Sustainable agriculture is having its political moment.
The Biden administration deserves credit for being the first to recognize that food system reforms can go a long way toward solving the climate crisis. Yet for all its big-picture vision, some critical details are getting overlooked.
A big one is a loophole within the USDA’s National Organic Program that undermines its mission and impedes the nation’s path toward climate-smart agriculture.
The rule glitch has the effect of encouraging farmers to cut down native forests and grasses so the land can be used to grow organic crops — a net loss for the environment. Despite the advantages of organic farming over conventional practices, pristine ecological habitats are vastly better from a climate and biodiversity standpoint than any form of agriculture.
Early in his presidency, Joe Biden vowed he would “position American agriculture to lead our nation and the world in combating climate change.” And he’s making an effort to deliver. With 92 votes, the Senate recently passed the Biden-backed “Growing Climate Solutions Act,” which aims to help farmers and ranchers participate in markets so they can get paid to sequester carbon in their soil.
Meanwhile, U.S. Department of Agriculture Secretary Tom Vilsack has introduced a “Climate-Smart Forestry and Agriculture Strategy” and is sinking $4 billion into production practices that include $500 million for small- and mid-size local meat producers to compete with Big Ag and new funding to expand organic agriculture.
These are wise investments. Small, distributed producers support nimble supply chains in an era of increasing environment disruption; organic farms improve soil health — and healthier soil draws down more carbon.
Organic farms sequester about 25% more carbon than soils from nonorganic farms. They also emit far fewer greenhouse gasses, including 56% less nitrous oxide, a greenhouse gas 20 times more potent than carbon dioxide that’s produced by the evaporation of chemical fertilizers, according to University of California at Davis data.
Yet those benefits are being undermined by the misuse of an ostensibly sensible rule that requires farmland to be free from pesticides for three years before its production can be certified for sale as organic. It’s a necessary precaution, but also a costly one for farmers who must fallow their fields to transition from conventional to organic production.
So some have come up with a more expedient alternative: simply clear wildlands that have never been treated with agrochemicals and get certified without the wait. The profit motive is strong; organic foods can be sold at a premium over conventional products and demand is growing. U.S. sales rose by more than 12% to $62 billion in 2020.
According to a recent University of Wisconsin study, hundreds of thousands of acres of native forests and grasslands have been converted to agricultural use in the last year — and millions of acres in the last decade — with no penalty to the growers. California vineyards have been eating away native oak woodlands. Wheat farms are taking over former prairie lands in the Northeast. Overseas, organic palm oil sold in the U.S. is being produced on forestland that was once crucial orangutan habitat.
Not all of the converted acreage has gone to organic production (there’s no data distinguishing between the lands razed for organic and conventional crop production), but regulations governing the organic label have created a perverse incentive for taking over raw land.

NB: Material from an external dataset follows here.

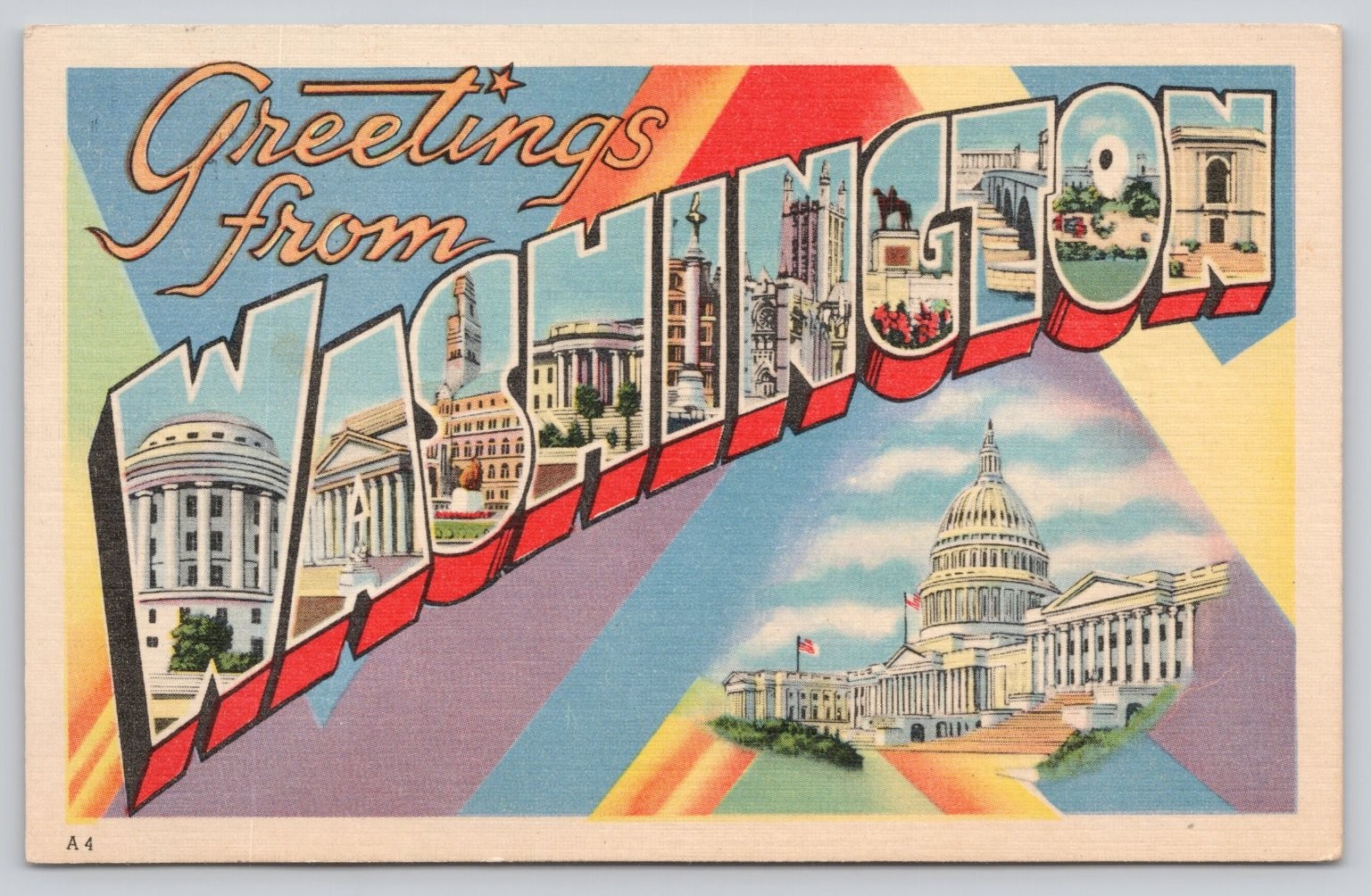 Greetings from Washington DC Large Letter Postcard Capitol Building 1947 Linen Greetings from Washington DC Large Letter Postcard Capitol Building 1947 Linen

The good news is there’s a swift and easy solution that doesn’t require an act of Congress. The fix was teed up in 2018 when a collective of environmental and industry groups led by the Wild Farm Alliance and the National Wildlife Federation proposed a 10-year waiting period before converted grasslands and forests can be certified for organic production. The logic is sound: pay a penalty for taking out a native ecosystem.
The solution was widely supported by the organic farming industry groups. “The loophole allows unfair competition for the organic farmers who are doing it right, and we all understood that if the public got wind of it, it could put a black eye on the organic program,” Abby Youngblood, executive director of National Organic Coalition, told me. What environmentally savvy consumer would pay a premium for a box of organic strawberries if they thought it might be responsible for destroying critical songbird habitat?
The proposed rule change was almost unanimously accepted by the National Organic Standards Board, which makes recommendations to the government’s organic program. Yet it was entirely ignored by the Trump administration and still today has not been adopted.
Whereas Trump had priorities other than the environment, it’s disingenuous for Biden to tout climate-smart agriculture while failing to close this loophole.
When I asked officials inside the USDA’s organic program about the delay, the answer amounted to classic bureaucratic paralysis: They’re reviewing a backlog of recommendations that built up over the previous administration and it will take time. But there’s no time to waste and no additional review necessary. The rule should be closed immediately to prevent more harm.
While they’re at it, the Biden administration should throw its support behind the “Sodsaver” provision proposed by the National Wildlife Federation for the 2023 Farm Bill. It would deny government subsidies to any agricultural development, conventional or organic, that wipes out native ecosystems for crop production. Sodsavers is already being implemented by six states, including Iowa and Minnesota, and should be expanded nationwide.
Research overwhelmingly shows that protecting native forests and grasslands is a critical natural solution to minimizing climate change. For climate-smart agriculture to succeed, the Biden administration needs its big-picture vision, but it can’t neglect the details.
Amanda Little is a professor of journalism and science writing at Vanderbilt University.